After she resigned, Raskin said Tuesday the hearing “identified two urgent priorities in the wake of the assassination attempt against former President Donald Trump and the accompanying mass shooting.” The first was her resignation. The second “was to ban assault weapons to protect the rest of us from mass shootings like the one that took place in Butler. As I made clear during yesterday’s hearing, a weapon that can be used to commit a mass shooting at an event under the full protection of the Secret Service and state and local police is a danger to schoolchildren, Walmart shoppers and congregants in church, synagogue and mosque services.”
Raskin also called on Congress to ban the AR-15 from public use, referring to it as “a weapon of war,” saying it “has no legitimate place in our society.”

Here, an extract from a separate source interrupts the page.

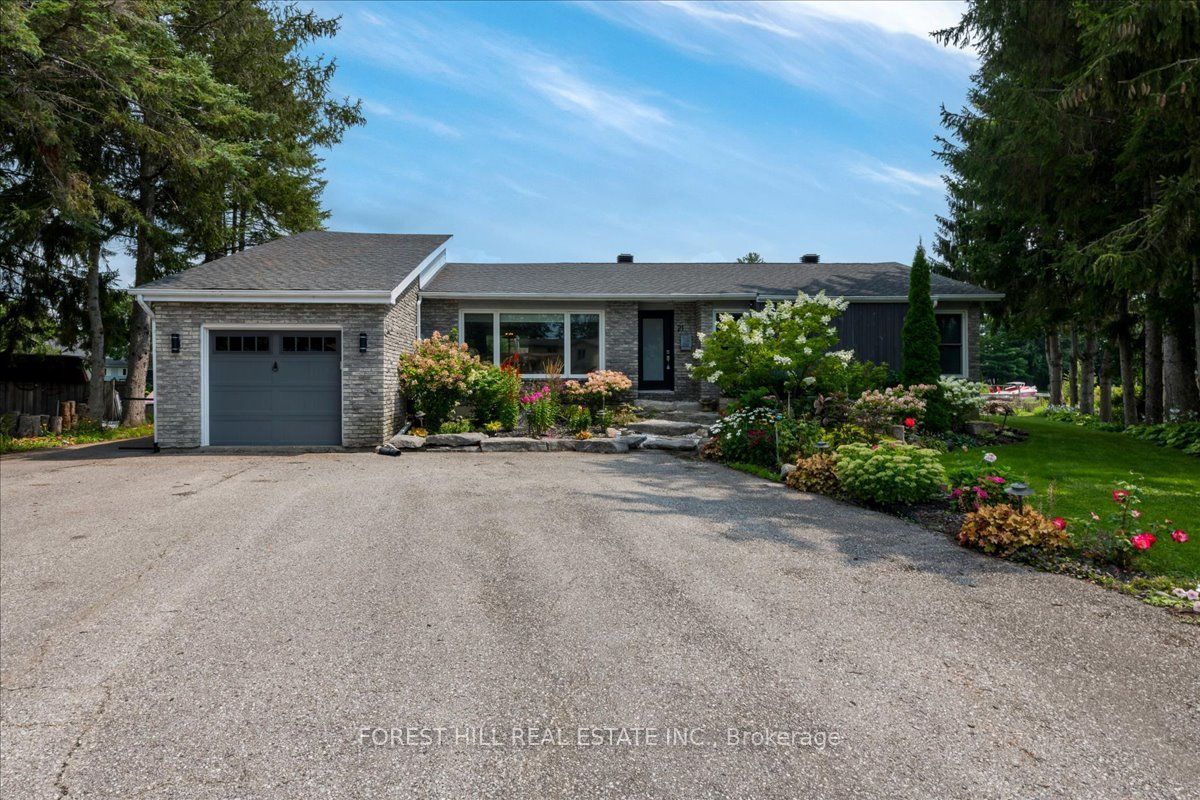 21 PINETREE Court Property Photo 1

Unlike Raskin, other Democrats referred to Trump’s assassination attempt as “political violence,” including Texas Democrats who also suggested “assault weapons” should be banned.
Among them was U.S. Rep. Jasmine Crockett, D-Texas, who at the hearing referred to the assassination attempt as an “incident.”
Crockett was one of nine House Democrats who sought to strip Trump of Secret Service protection if he is sentenced to prison, The Center Square reported.
Crockett, a Black woman from Dallas, asked Cheatle questions about Secret Service training as it relates to race and gender. “Was the July 13 incident due to DEI,” she asked, referring to diversity, equity and inclusion policies Cheatle championed to hire more female agents. Cheatle replied the “July 13 incident had nothing to do with DEI.”
Crockett next asked, “if you have any bias training that your officers undergo” because “I've learned so many times in having to deal with law enforcement that there usually is not a perception of a threat when it is a young white male even if they are carrying a long gun. Yet a lot of times, at least in this country, when it comes to law enforcement, there is a perceived threat just by somebody having a little bit more melanin in their skin.”
“A lot of times, one of the things that we have consistently pushed for on my side of things … is once we are looking at a tragedy in which law enforcement made an error is the bias training and whether or not our officers are getting it,” she said, referring to her being a civil rights and criminal defense attorney before running for the Texas House and Congress.
Bias training is part of Secret Service training, Cheatle said.
Crockett then proceeded to talk about the need to ban open carry and her opposition to Texas gun laws, saying Congress needed to come up with a solution to gun violence.
“In this space in which this event took place, it was an open carry space, is that correct?” Crockett asked.
“That is correct,” Cheatle replied.
Crockett was a state representative when a mentally ill man opened fire in a Walmart in El Paso, Texas, in August 2019. The Texas legislature “had an opportunity to do right by our citizens in Texas but we did not,” she said.
“Instead, they passed permitless carry,” she said, referring to the Texas legislature advancing Second Amendment protections that Gov. Greg Abbott signed into law in June 2021, including legalizing permitless carry, The Center Square reported.
Right after the law was passed, “we ended up with Uvalde,” she said, referring to a teenager who entered an elementary school and killed 21 people, mostly children, due to extensive police security failures. Since then, two former Uvalde school police officers were indicted on charges of child endangerment; lawsuits are ongoing. Crockett said the “officers were scared to go in” the school “because of the firearm.”
A Department of Justice report found widespread problems with law enforcement officers’ response and a state investigation identified systemic failures at the school, The Center Square reported.